** Data extract follows **

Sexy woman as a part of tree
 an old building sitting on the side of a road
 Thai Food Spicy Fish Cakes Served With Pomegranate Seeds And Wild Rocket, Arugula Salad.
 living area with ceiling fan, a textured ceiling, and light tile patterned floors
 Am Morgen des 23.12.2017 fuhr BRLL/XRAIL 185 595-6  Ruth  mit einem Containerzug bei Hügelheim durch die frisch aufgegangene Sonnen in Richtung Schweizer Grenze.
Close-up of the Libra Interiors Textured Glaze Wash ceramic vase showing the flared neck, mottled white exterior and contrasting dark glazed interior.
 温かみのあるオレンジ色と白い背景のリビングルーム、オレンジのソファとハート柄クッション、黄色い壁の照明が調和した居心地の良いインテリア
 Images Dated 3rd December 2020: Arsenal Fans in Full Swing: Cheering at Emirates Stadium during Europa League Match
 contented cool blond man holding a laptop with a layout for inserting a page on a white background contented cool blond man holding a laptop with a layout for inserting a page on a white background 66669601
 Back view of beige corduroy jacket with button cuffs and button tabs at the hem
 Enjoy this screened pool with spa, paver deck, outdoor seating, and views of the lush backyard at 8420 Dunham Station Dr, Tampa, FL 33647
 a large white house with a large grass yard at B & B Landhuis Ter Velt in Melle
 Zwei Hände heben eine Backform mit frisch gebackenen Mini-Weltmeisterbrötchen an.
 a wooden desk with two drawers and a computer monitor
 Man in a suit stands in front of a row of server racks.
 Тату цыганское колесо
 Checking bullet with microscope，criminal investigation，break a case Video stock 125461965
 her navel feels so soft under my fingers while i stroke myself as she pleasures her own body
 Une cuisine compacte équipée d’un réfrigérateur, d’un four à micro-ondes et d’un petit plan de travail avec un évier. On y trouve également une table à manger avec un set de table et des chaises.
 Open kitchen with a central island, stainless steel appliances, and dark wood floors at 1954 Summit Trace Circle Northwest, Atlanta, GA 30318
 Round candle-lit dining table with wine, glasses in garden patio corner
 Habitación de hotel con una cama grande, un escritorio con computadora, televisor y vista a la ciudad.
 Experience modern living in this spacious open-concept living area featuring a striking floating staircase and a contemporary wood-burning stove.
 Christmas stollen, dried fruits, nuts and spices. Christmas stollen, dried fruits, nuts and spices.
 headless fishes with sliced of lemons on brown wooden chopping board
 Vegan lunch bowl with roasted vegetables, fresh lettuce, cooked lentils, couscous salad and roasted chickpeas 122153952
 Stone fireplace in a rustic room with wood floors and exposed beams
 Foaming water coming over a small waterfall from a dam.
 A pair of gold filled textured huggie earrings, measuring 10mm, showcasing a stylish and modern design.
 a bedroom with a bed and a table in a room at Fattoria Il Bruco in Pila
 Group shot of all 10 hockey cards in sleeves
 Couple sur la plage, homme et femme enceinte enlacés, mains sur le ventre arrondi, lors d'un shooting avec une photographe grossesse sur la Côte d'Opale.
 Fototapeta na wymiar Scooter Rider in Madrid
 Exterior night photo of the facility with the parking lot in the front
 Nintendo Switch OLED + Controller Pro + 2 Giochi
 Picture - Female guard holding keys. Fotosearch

** End of Data extract **

*Task brief*.
Look above for the line containing "Nintendo Switch OLED", then please write out that line and each one after it through the end, exactly, with nothing else.

*Finished task*.
 Nintendo Switch OLED + Controller Pro + 2 Giochi
 Picture - Female guard holding keys. Fotosearch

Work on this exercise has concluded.